• _TASK STATEMENT_
Copy the data below exactly, but not the pictures it contains.

• _DATA FOR THE TASK_
*** Begin section ***

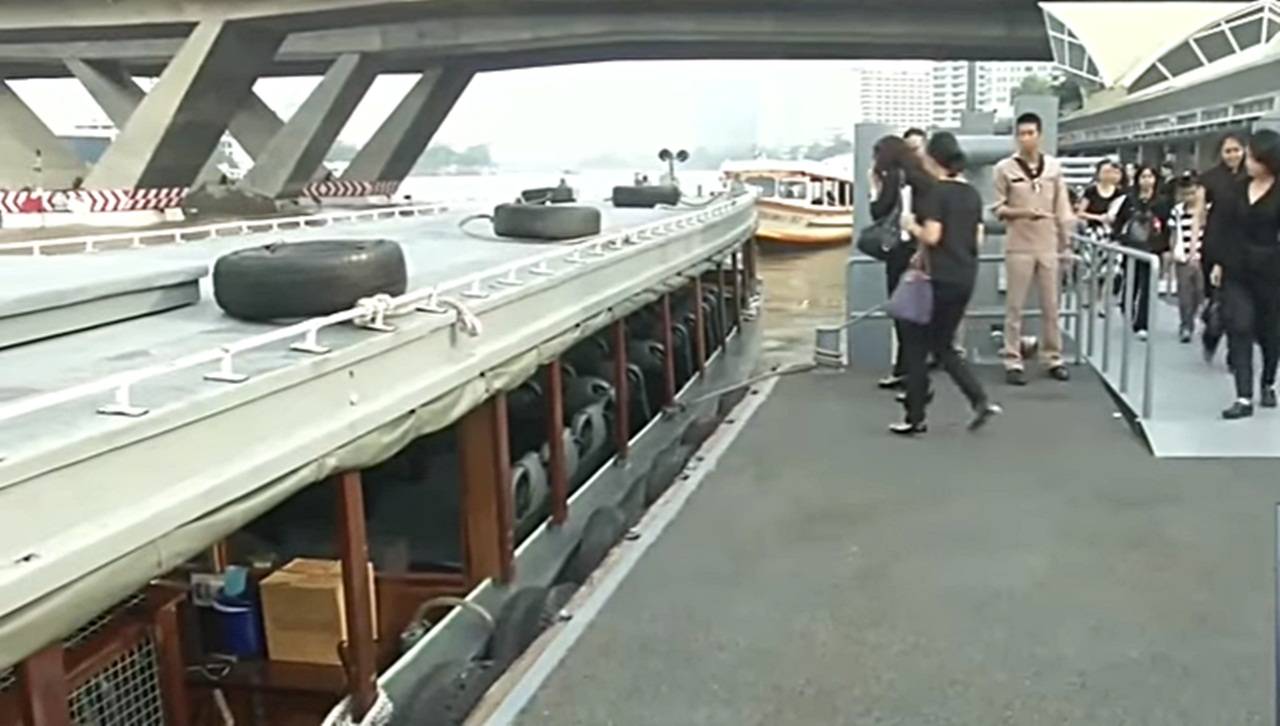 กองทัพเรือบริการเรือฟรี "สาทร-ท่าช้าง" อำนวยความสะดวกประชาชน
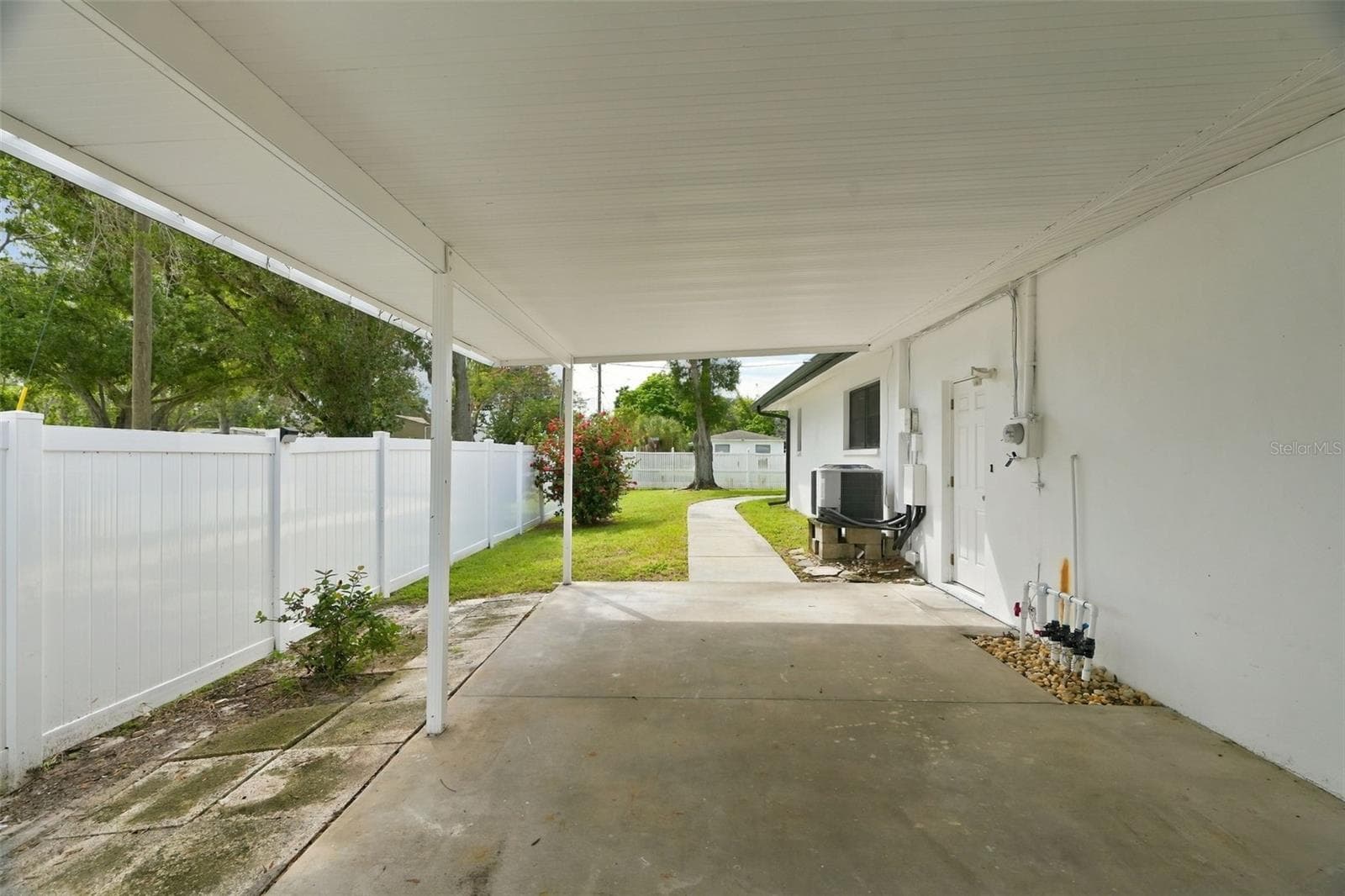 Bonus Carport Area for a golf cart or boat - 330 PATICA RD NE, ST PETERSBURG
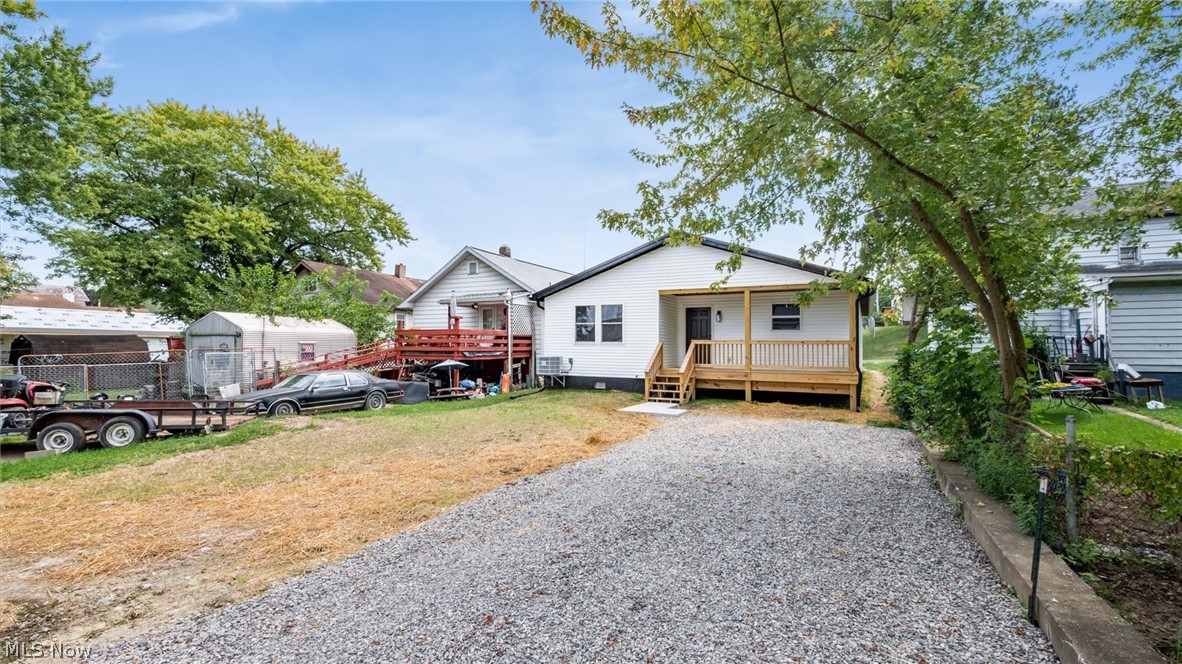823 Race Street Zanesville OH 43701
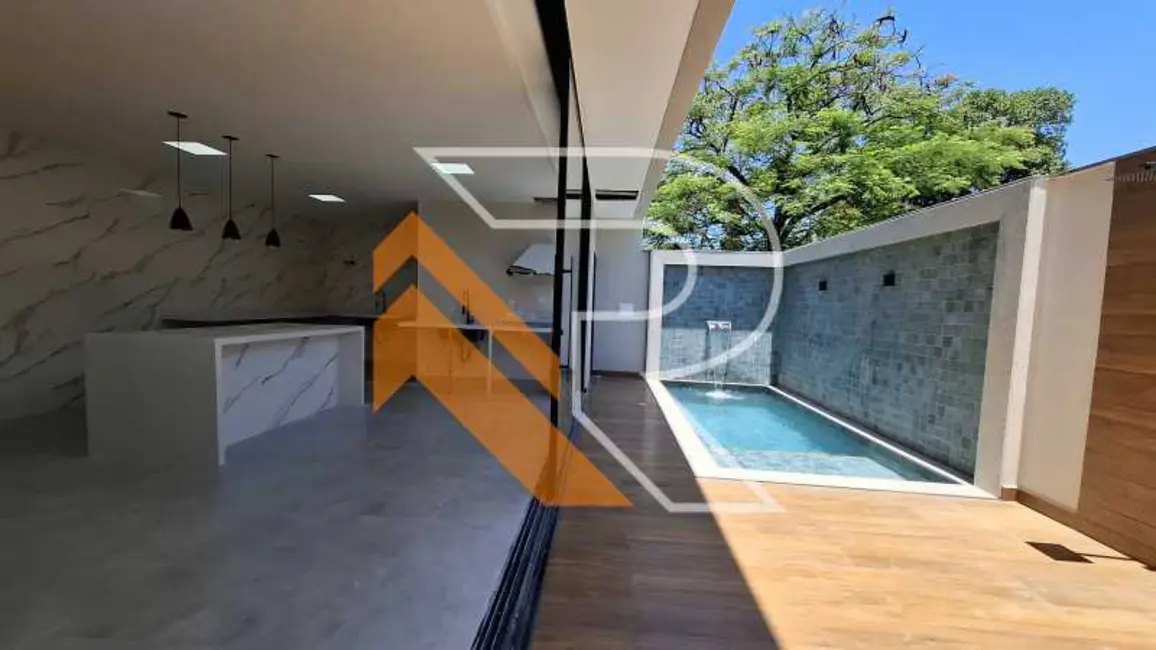 Foto 1 de Casa com 3 quartos à venda, 200m2 em Niteroi - RJ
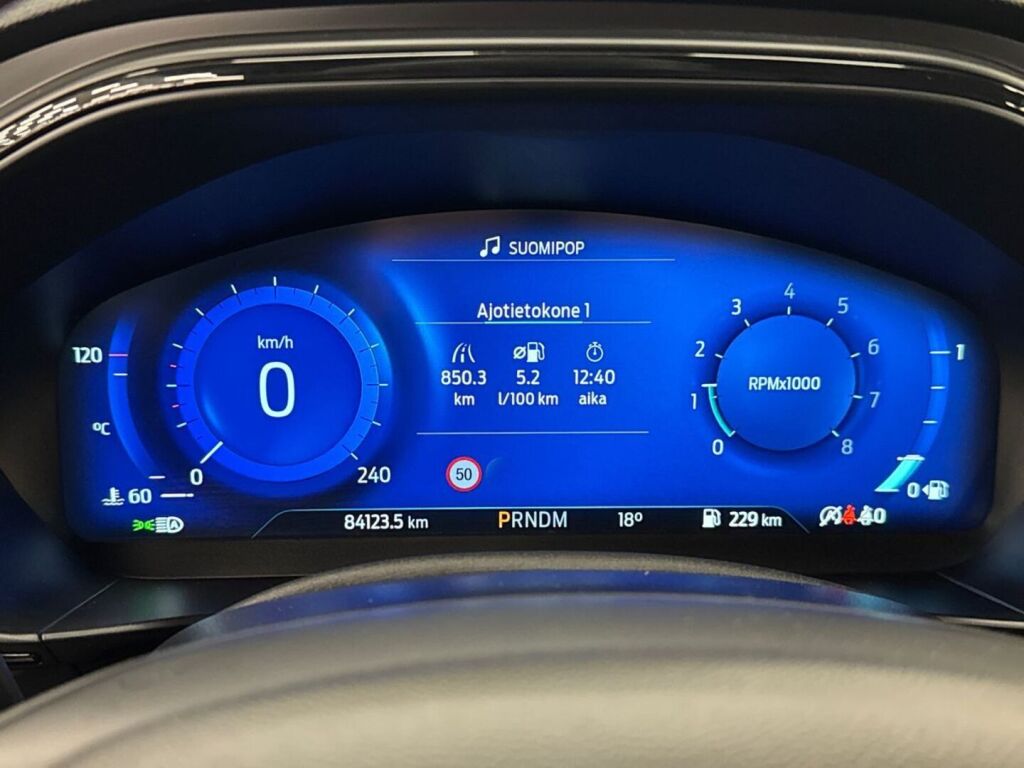 Ford Focus 2023 Musta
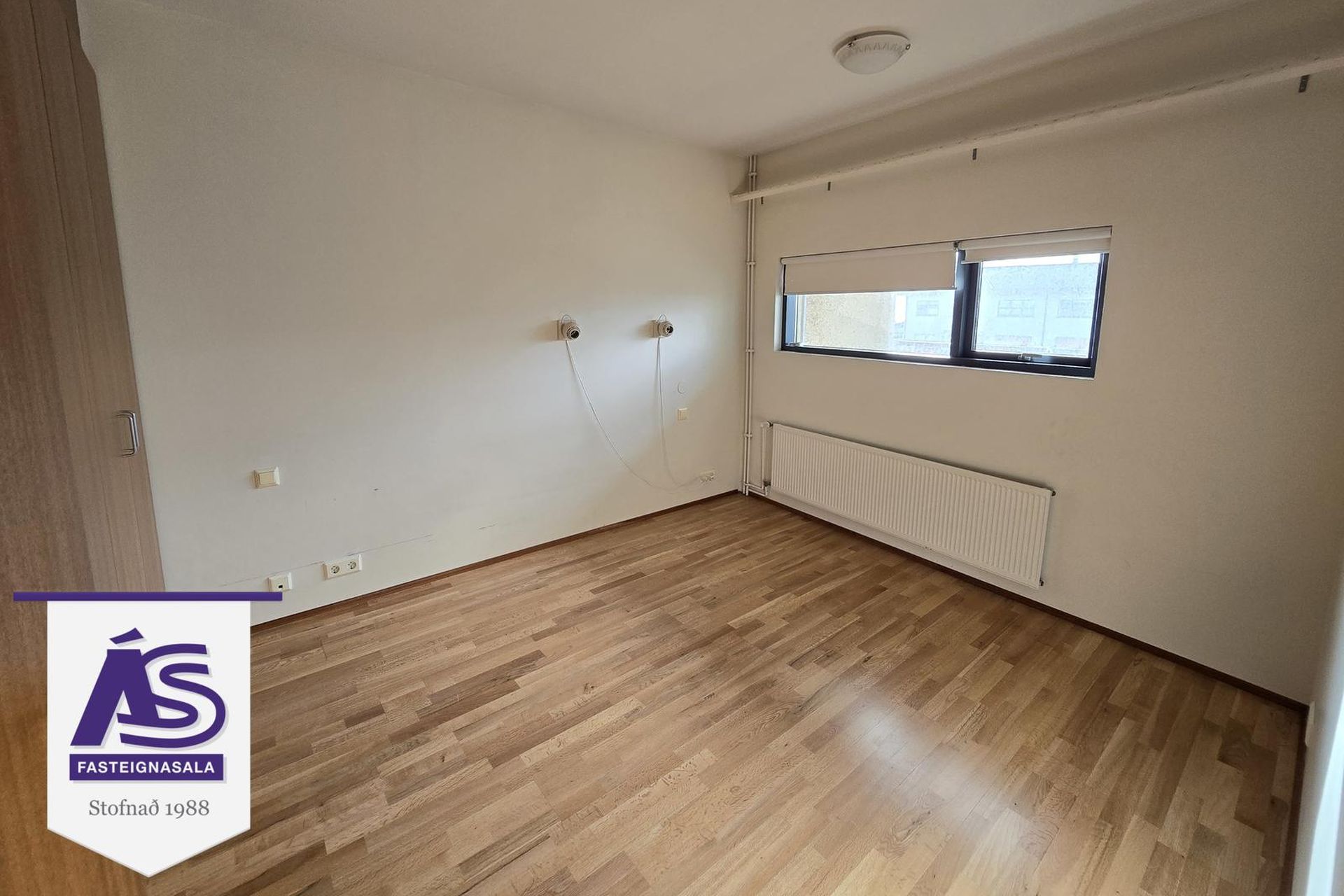 Erluás 2, 221 Hafnarfjörður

*** End section ***

• _WRITTEN REPLY_
 กองทัพเรือบริการเรือฟรี "สาทร-ท่าช้าง" อำนวยความสะดวกประชาชน
 Bonus Carport Area for a golf cart or boat - 330 PATICA RD NE, ST PETERSBURG
823 Race Street Zanesville OH 43701
 Foto 1 de Casa com 3 quartos à venda, 200m2 em Niteroi - RJ
 Ford Focus 2023 Musta
 Erluás 2, 221 Hafnarfjörður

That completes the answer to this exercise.